Vom gefährlichen Halbwissen
Als nächster Festredner betrat Gerhard Fehr die Bühne des Veranstaltungssaals. Der Verhaltensökonom und Unternehmensberater hielt seinem Vorredner eingangs entgegen, dass es sehr wohl gesundheitsfördernde Ernährungsformen gebe. Er selbst habe mit Hilfe einer LowCarbDiät in zwei Jahren über 30 Kilogramm abgenommen. In einem stimmte er Uwe Knop aber zu: „Wir brauchen echtes Wissen über unsere Ernährung.” Man solle sich davor hüten, mit Halbwissen die Welt verändern zu wollen. Angesichts mangelnder wissenschaftlicher Belege sieht er die Ernährungswissenschaft gar in einer tiefen Krise. Ohne ein in der Bevölkerung verankertes Grundbedürfnis nach nachhaltigen Produkten, hätten REWE Group und andere Lebensmittelkonzerne das Thema Nachhaltigkeit längst aus ihrer Unternehmensstrategie gestrichen, machte Fehr aufmerksam. Er verweist dabei auf eine aktuelle Studie, der zufolge 31 Prozent der Österreicher bereit sind, für einen bewussten Lebensstil ihren Konsum zu ändern. Immerhin 56 Prozent versuchen bedingt nachhaltig zu leben, solange sie sich dabei nicht zu sehr einschränken müssen. Die restlichen 13 Prozent bezeichnet Fehr als „Unbelehrbare”, die überhaupt kein Interesse an nachhaltigen Produkten zeigen. Insgesamt lasse sich daraus ein klarer Trend ablesen, dass das generelle Bedürfnis nach einem nachhaltigen Lebensstil zunehme. Wie aber schafft man es, dass Menschen bewusster einkaufen? „Man muss den Kunden kleine Anreize anbieten, um ihre Bedürfnisse nach Nachhaltigkeit zu befriedigen”, erklärt Fehr. Dabei dürfe man aber keinen Druck ausüben, sondern Stück für Stück den Kunden in die richtige Richtung stupsen.

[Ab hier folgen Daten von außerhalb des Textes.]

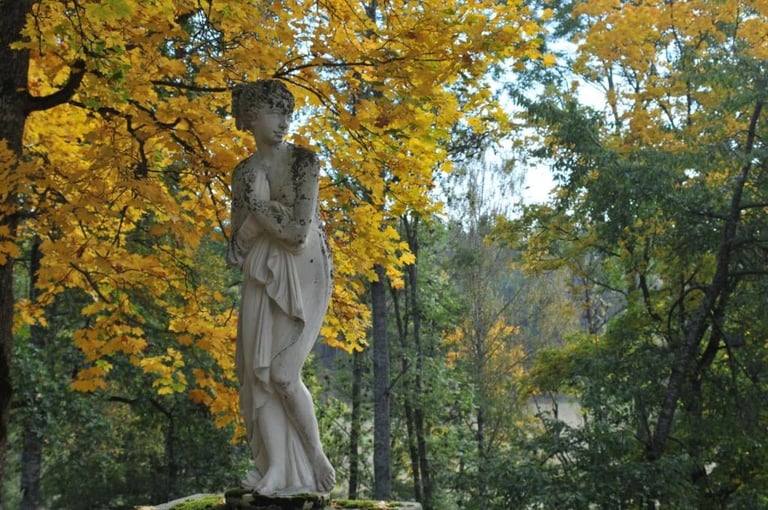 White marble statue of a robed female figure in a park surrounded by golden autumn foliage and green trees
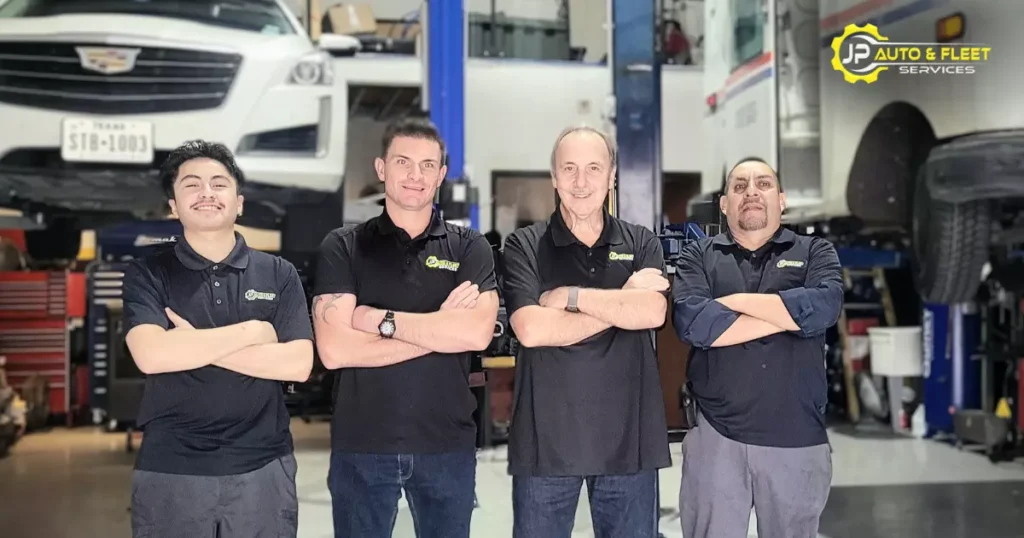 JP Auto auto technician standing in a line with their arms crossed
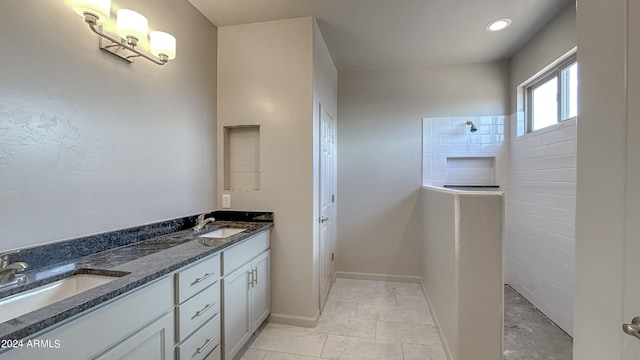 bathroom with tile patterned floors, vanity, and walk in shower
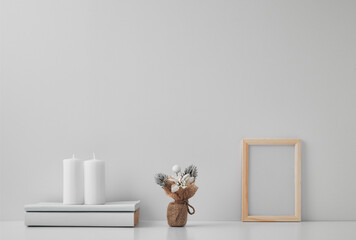 Frame, white candles and New Year's decor on a white background. Copy space, mock up.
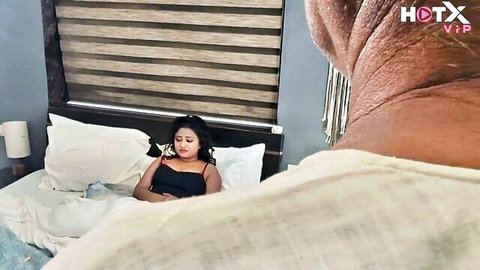 Indian Nikdelhi lying in bed in black tank top with Sasurji approaching from behind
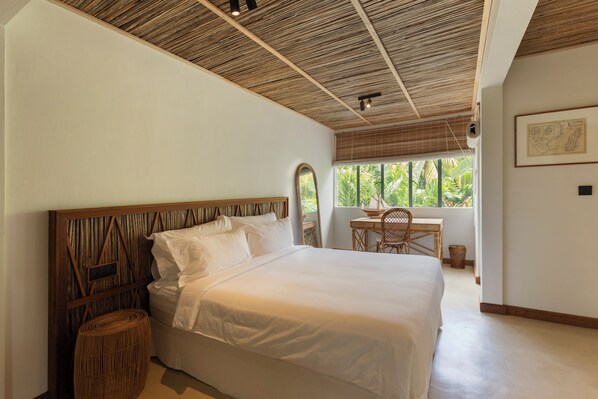 A bedroom with a large bed, a wooden headboard, a small table, and a window with a view of greenery.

Oberstes Gebot ist dabei Freiwilligkeit und identitässtiftende Maßnahmen. „Nudging” nennt man das im Fachjargon, dabei wird versucht, das Verhalten von Menschen in die gewünschte Richtung zu beeinflus- sen. „Langfristig stärkt Nachhaltigkeit die Beziehung zum Kunden und ist somit ein positives Investment für die Zukunft”, so Fehr.
Im Zweifel für die Umwelt
Im Anschluss diskutierten die beiden Redner Uwe Knop und Gerhard Fehr gemeinsam mit Rainer Nowak und Hanna Simons, stellvertretende WWF Österreich-Geschäftsführerin und Abteilungsleiterin für Natur- und Umweltschutz über zukünftige Herausforderungen einer nachhaltigen Ernährungsökonomie. Simons betonte, dass es nicht-nachhaltige Produkte in Österreich eigentlich gar nicht mehr gebe, da diese (auch auf Druck von NGO´s) gar nicht mehr zugelassen seien. Trotzdem gebe es diesbezüglich noch „viel zu tun.” Nach einem nachhaltigen sowie nahrhaften Mittagessen rundeten am Nachmittag drei Workshops das umfangreiche Programm des diesjährigen REWE Group-Stakeholder Forums ab. Interessierte hatten dabei noch die Möglichkeit, Fragen zum Thema Nachhaltigkeit zu stellen oder aktiv an möglichen Lösungsansätzen mitzuarbeiten. Die Veranstaltung wurde gemäß dem Generalthema – natürlich – als Green Event ausgerichtet.